┏━━

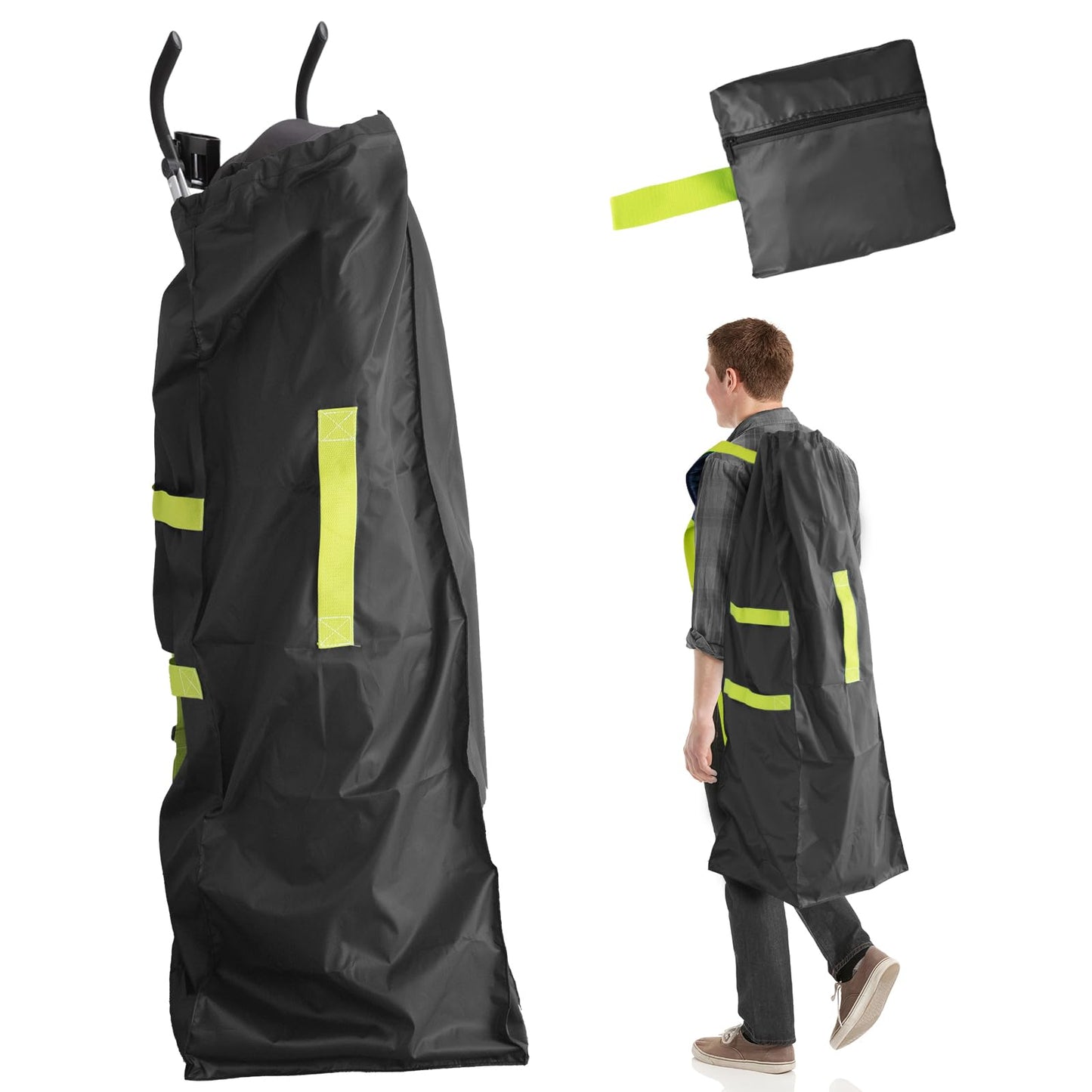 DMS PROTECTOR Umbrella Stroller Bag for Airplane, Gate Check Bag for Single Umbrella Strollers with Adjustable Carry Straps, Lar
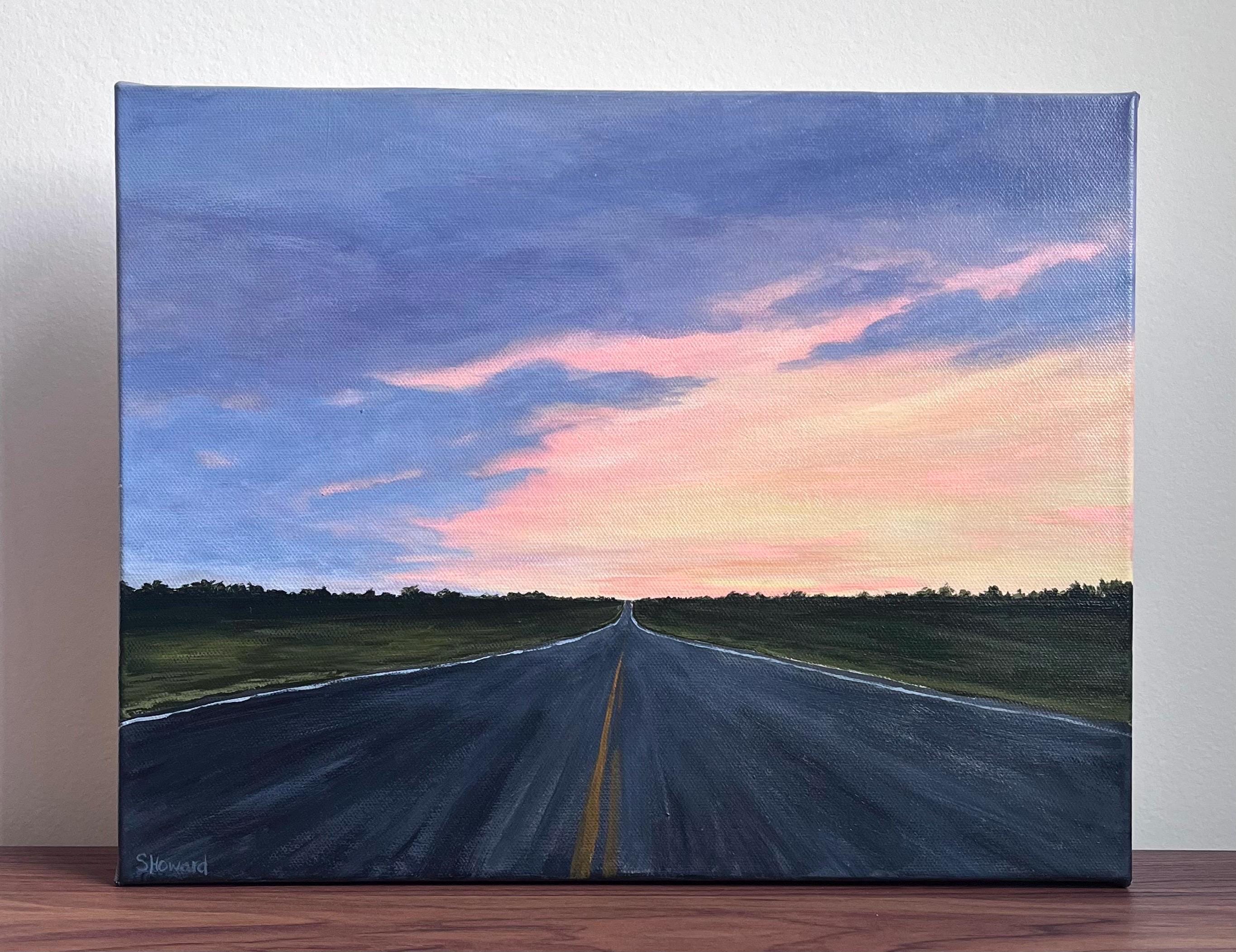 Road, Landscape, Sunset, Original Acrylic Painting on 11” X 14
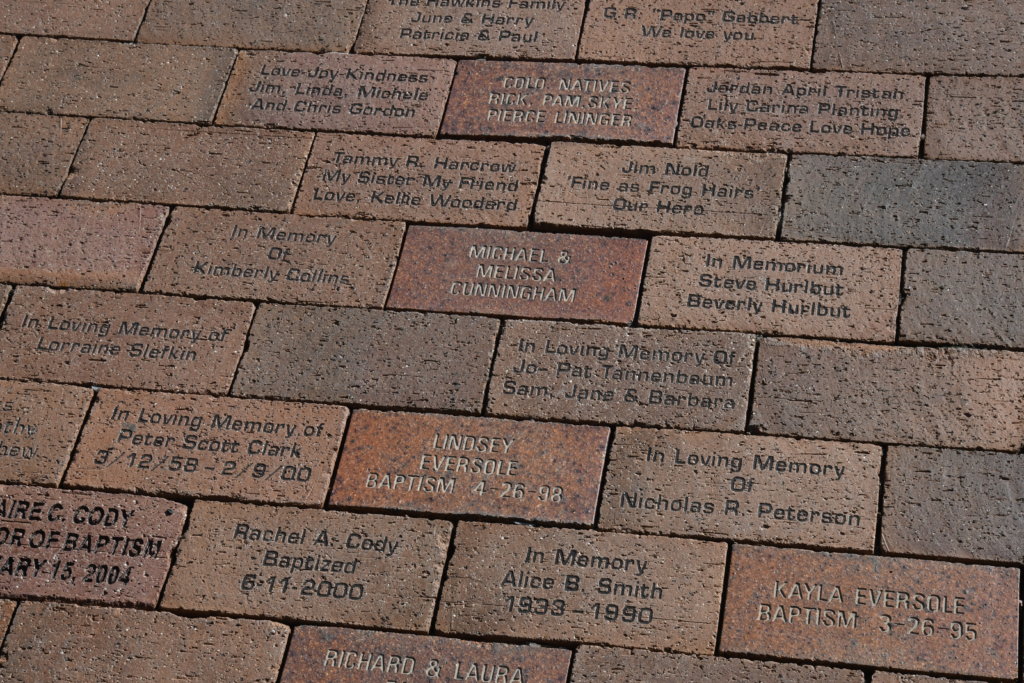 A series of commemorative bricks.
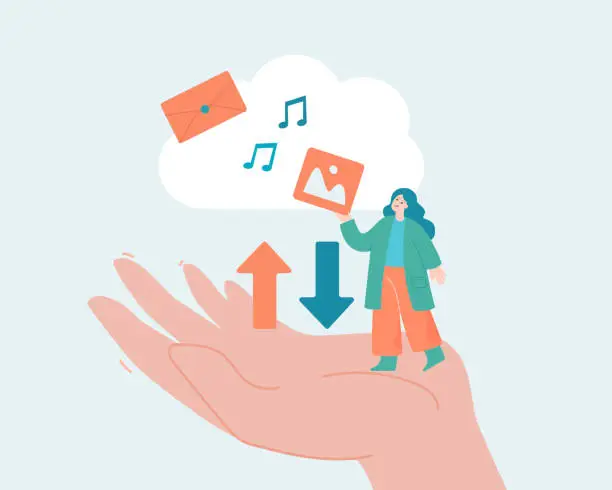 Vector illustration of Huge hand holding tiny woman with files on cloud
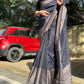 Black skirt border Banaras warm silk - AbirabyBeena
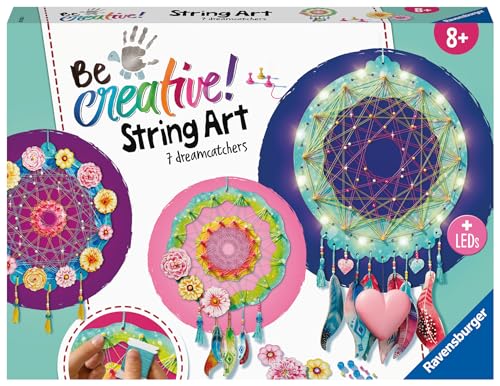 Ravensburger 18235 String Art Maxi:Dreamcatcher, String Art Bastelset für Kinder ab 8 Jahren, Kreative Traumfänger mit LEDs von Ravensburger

┗━━
┏━━

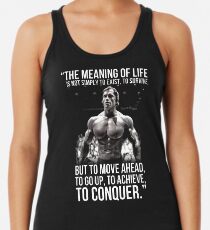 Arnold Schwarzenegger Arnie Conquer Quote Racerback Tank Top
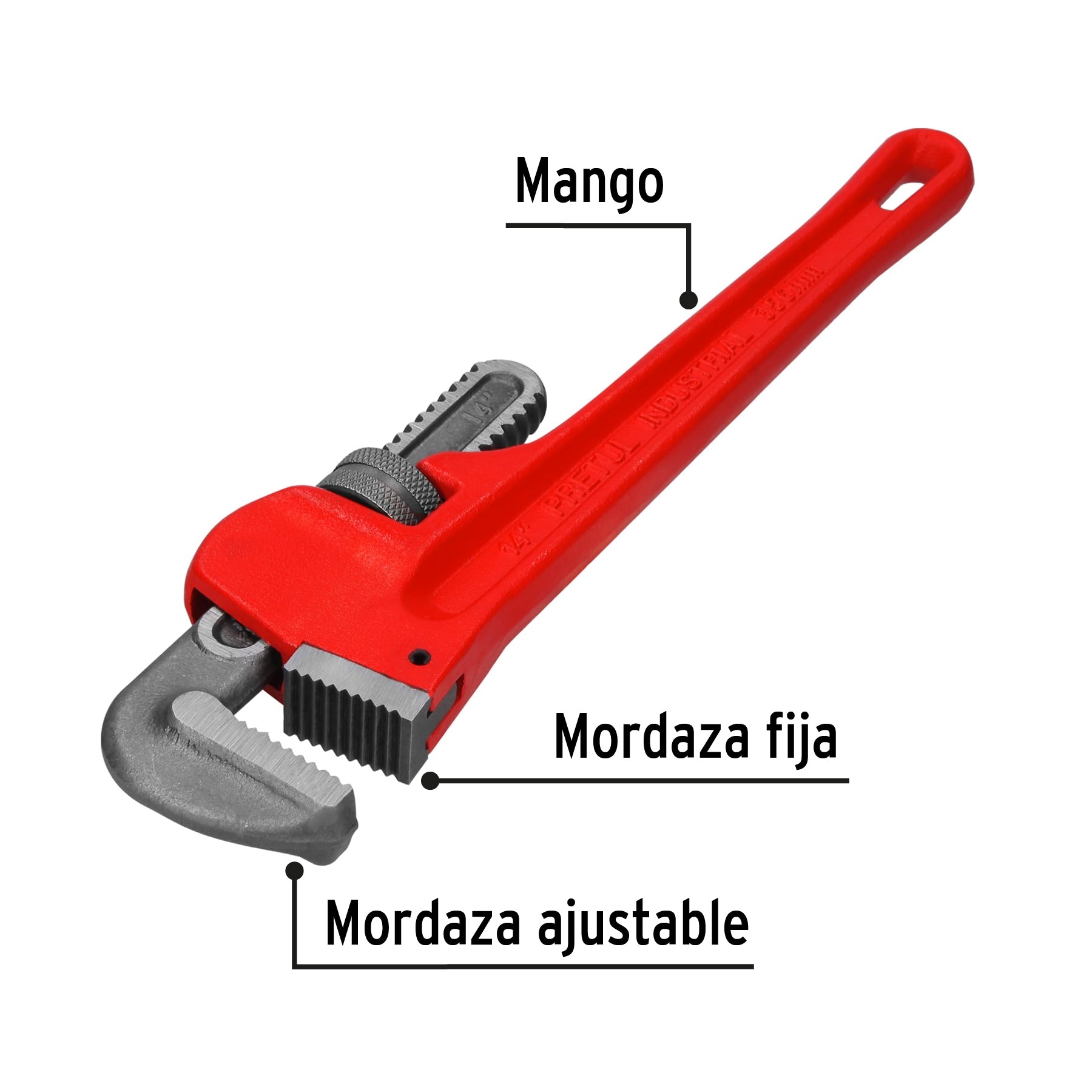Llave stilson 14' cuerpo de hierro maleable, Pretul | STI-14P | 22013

┗━━

## [Task objective]
Leaving every picture aside, reproduce exactly the lines above from the one with "Vector illustration of" up to and including the one with "Ravensburger 18235 String", and no others.

## [Solution to this problem]
 Vector illustration of Huge hand holding tiny woman with files on cloud
 Black skirt border Banaras warm silk - AbirabyBeena
 Ravensburger 18235 String Art Maxi:Dreamcatcher, String Art Bastelset für Kinder ab 8 Jahren, Kreative Traumfänger mit LEDs von Ravensburger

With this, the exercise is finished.